Connex was able to confirm which individuals’ personal information might be compromised by July 27, as cited in the letter disclosed by the Maine Attorney General. The data exposed in the breach included names, account numbers, debit card details, and Social Security numbers, among other government identification necessary for account creation.
Importantly, the credit union has indicated that there is “no reason to believe this incident involved unauthorized access to member accounts or funds,” aiming to reassure customers about the security of their financial holdings. In addition, Connex has issued a warning on its website regarding ongoing phishing attempts where scammers are posing as Connex employees, reminding customers to remain vigilant as the financial institution will never request sensitive information like PINs or passcodes via phone.
As explored in Google’s Threat Intelligence Group analysis posted on June 4, the group ShinyHunters has been linked to financially motivated vishing campaigns. Although Connex has not officially named ShinyHunters as the source of the data breach, the timing suggests potential overlap. ShinyHunters is known for using social engineering techniques where its operators impersonate IT support staff during calls, ultimately tricking employees into divulging confidential information.

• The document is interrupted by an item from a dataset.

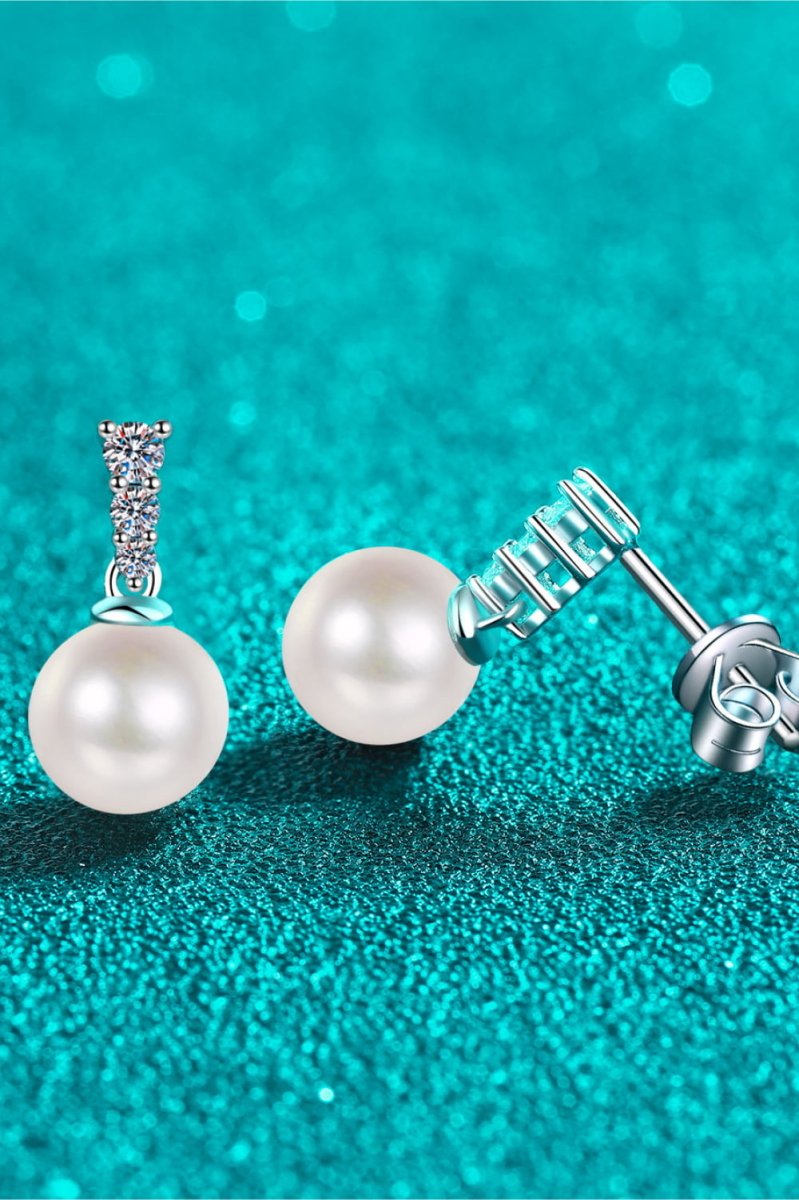 Moissanite Pearl Drop Earrings - 925 Sterling Silver - Samuels Jewelers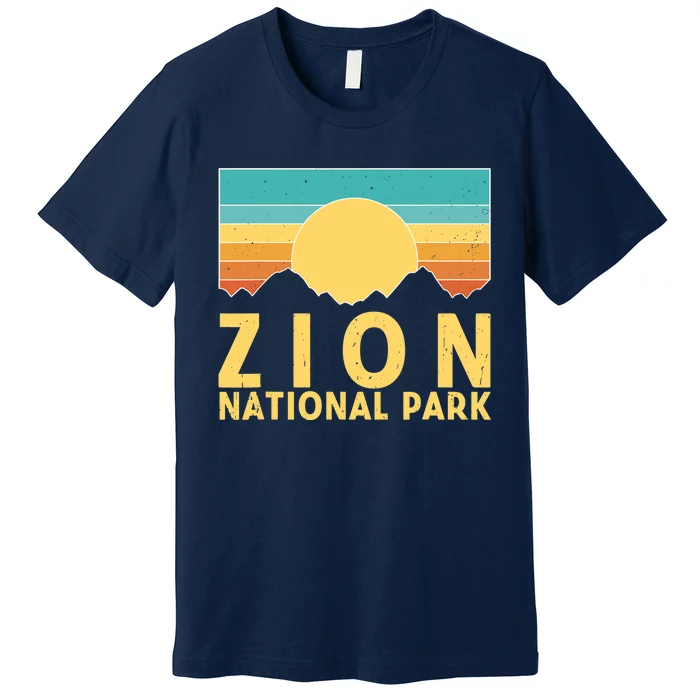 Zion National Park Vintage Nature Retro Sunset Premium T-Shirt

This method of operation often leads to unauthorized access to sensitive organizational data without exploiting software vulnerabilities. Targeting systems like Salesforce, ShinyHunters has been known to deceive users into authorizing harmful applications that then facilitate extensive access to data. Following the initial breach, these attackers employed harvested credentials to navigate through networks, infiltrating accounts across various cloud platforms, such as Okta and Microsoft 365.
The incident involving Connex underscores the necessity for banks and credit unions to employ a comprehensive defense-in-depth strategy. It highlights the imperative for robust access controls and security measures in third-party platforms like Salesforce, which financial institutions must configure according to regulatory standards. These controls are essential not only for prevention but also for mitigating risks associated with data exfiltration and social engineering attacks.
Google has recommended several strategies to combat such threats effectively, emphasizing the importance of the principle of least privilege, enforcing IP-based access restrictions, and implementing universal multi-factor authentication across organizations. By adhering to these guidelines and maintaining vigilant security protocols, institutions can enhance their resilience against malicious actors.
The Connex breach illustrates a broader concern in cybersecurity, particularly in the financial sector, making it imperative for organizations to remain proactive in fortifying their defenses against evolving threat vectors, including those identified in the MITRE ATT&CK framework such as initial access and privilege escalation techniques.